Wednesday, November 18, 2015

Observe and Notice




“It takes only alertness to see habits of thinking and how these contract us. When we see that almost all of our existence is mechanical repetition we automatically step out of the pattern and into observing… Observing itself has its own taste and needs no addition.”

– Jean Klein, Who Am I?



This quote goes hand-in-hand with Nisargadatta's I AM THAT. Observe the "I" before everything else: before thoughts, before actions, before the person does or says anything. There's always that moment before anything happens. Unfortunately, in most people that moment seems so fast and fleeting, they hardly notice it. But it's there. And it's also there during thoughts, conversations, and actions. The observing is there before, after, and during the personal dramas. If it wasn't being observed, how would you know anything is happening at all?

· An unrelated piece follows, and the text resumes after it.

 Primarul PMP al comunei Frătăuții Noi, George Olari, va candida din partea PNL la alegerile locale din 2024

Notice "I exist" before everything else.


Notice how repetitive thoughts are. They're like a broken record, the sole purpose of which is to tell you who you think you are. Thoughts don't tell you who you really are, they just repeat everything you've learned over the years—the things others have told you and things that you've heard—in order to establish an identity. But notice how thoughts only derive their information from the past and the projections of the future. They're never in real-time. The only thoughts you experience in real-time are the ones about what happened or what could happen.

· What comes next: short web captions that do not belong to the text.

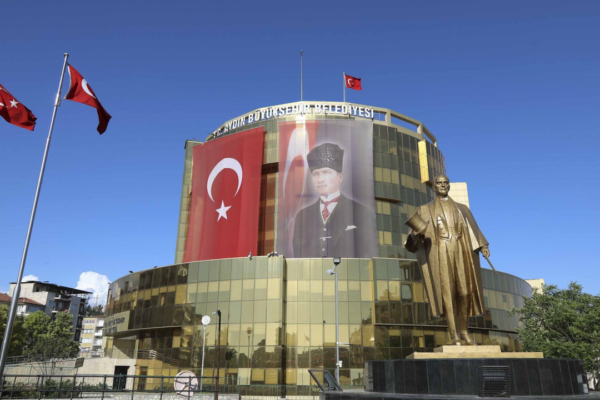 Aydın’da kentsel dönüşüm başlıyor!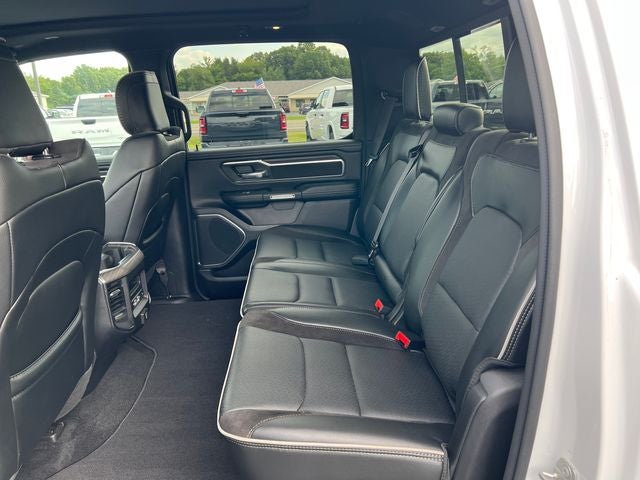2025 RAM 1500 Laramie Crew Cab 4x4 5'7' Box
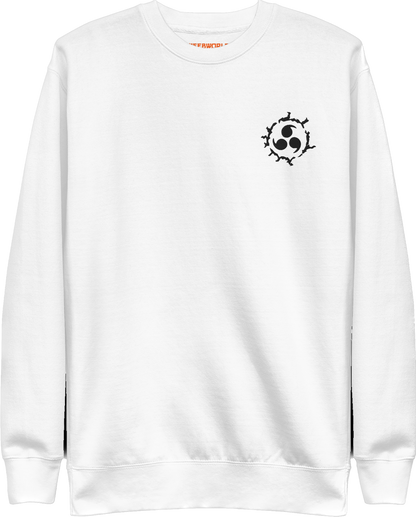 Orochimaru Curse Mark Embroidered Sweatshirt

But even as thoughts happen, there is something that is noticing them. That's the gold mine right there. Borrowing Peter Brown's favorite phrase: it's not nothing. It is full. "It has its own taste and needs no additions." The desire to add something to ourselves—more information, more things, more people, more money, etc—is a thought-driven/identity-driven phenomenon. And as already discussed, thoughts are nothing more than repetitive garbage collection of the past and the non-existent future. Notice the fact of that.


Before anything else, I AM. Feel it. Know it. Stay with it.